Muy pronto he sacado de la
mochila el libro que estoy leyendo y me he dispuesto a seguir con la faena.
Hace tiempo que superé el conflicto interno que ataca a los turistas que,
cuando se sientan derrotados después de horas de caminar, tienen mala
conciencia por las calles que están dejando de pisar o los museos locales que
no están visitando. Así que empecé a leer con la intención de no dejarlo hasta
que me doliesen los ojos o los riñones. O hasta que terminase el libro, una
novela negra de las que tanto me gustan en verano.
Lo que ocurriese antes.
Pero lo primero reseñable que
ocurrió fue que el japonés alzó los brazos como si su equipo favorito hubiese
metido un gol y acompañó el gesto con un bostezo como los de la señora Gregoria
de mi infancia, capaces de atravesar cuatro tabiques para colarse a la cosa
contigua y a la siguiente. Sorprendido por esa forma descortés de arrancarme de
mi lectura, lo miré con el descaro suficiente para mostrarle mi desaprobación, pero
el asiático me ignoró, mostrándome a su vez que yo se la traía floja.
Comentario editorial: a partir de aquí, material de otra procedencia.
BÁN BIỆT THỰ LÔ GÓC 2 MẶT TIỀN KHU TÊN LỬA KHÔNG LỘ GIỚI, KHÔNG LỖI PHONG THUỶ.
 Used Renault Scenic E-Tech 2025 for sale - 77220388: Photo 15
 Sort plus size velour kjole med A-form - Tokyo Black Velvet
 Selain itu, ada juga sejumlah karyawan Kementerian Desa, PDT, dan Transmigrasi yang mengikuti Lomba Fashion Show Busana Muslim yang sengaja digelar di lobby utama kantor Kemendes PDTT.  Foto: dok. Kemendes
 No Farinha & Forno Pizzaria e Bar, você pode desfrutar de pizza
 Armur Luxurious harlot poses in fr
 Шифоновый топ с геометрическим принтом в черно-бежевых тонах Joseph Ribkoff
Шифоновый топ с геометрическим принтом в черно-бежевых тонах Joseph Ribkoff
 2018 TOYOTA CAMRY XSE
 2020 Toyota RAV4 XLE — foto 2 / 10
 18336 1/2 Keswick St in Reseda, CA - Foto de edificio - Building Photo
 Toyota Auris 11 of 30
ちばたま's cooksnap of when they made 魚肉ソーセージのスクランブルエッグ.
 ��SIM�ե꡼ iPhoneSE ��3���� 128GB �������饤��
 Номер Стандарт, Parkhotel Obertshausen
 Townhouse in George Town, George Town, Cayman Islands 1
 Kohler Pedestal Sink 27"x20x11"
Seguramente, en su cultura aquel
gesto no era reprobable.
Volví a la lectura, un poco
molesto por la compañía, pero recuperé mi preocupación por el quebranto
interior de Rachel, la protagonista alcohólica de mi novela. No duró mucho, sin
embargo, porque el japonés, tras madurar la tónica que se había tomado, eructó
como un campeón del mundo de la especialidad y atrajo sobre sí mi mirada
atónita, la de toda la terraza e incluso la de Ronda entera, ciudad muy hecha a
recibir viajeros del antiguo Cipango.
No quiso la esposa quedarse atrás
y apenas había yo terminado el breve capítulo donde me había quedado, se
despachó con la misma naturalidad que el marido y subrayó que en lo tocante a sonidos
corporales, las japonesas han conquistado plenamente la igualdad entre los
sexos.
A esas alturas en la terraza del bar solo
quedábamos ellos y yo, no descarto que como consecuencia de su estrategia de
limpieza étnica. De fuera vendrán que de
casa nos echarán, recordé escuchar durante mi infancia, y no estaba yo
dispuesto a que España entera claudicase, así que en ese punto abandoné la
lectura y me dediqué a refugiarme en mi interior y encomendarme a él, si bien
no a la manera que hicieron los místicos sino en otra mucho más prosaica,
aunque igual de difícil.
La introspección tuvo éxito y,
llegado el momento, guardé el libro en mi mochila, me incorporé, sonreí a mis
vecinos y me acerqué lo suficiente hasta rozar su mesa y dejarles sobre ella un concierto de viento que esperé
que pudieran apreciar no solamente con los oídos.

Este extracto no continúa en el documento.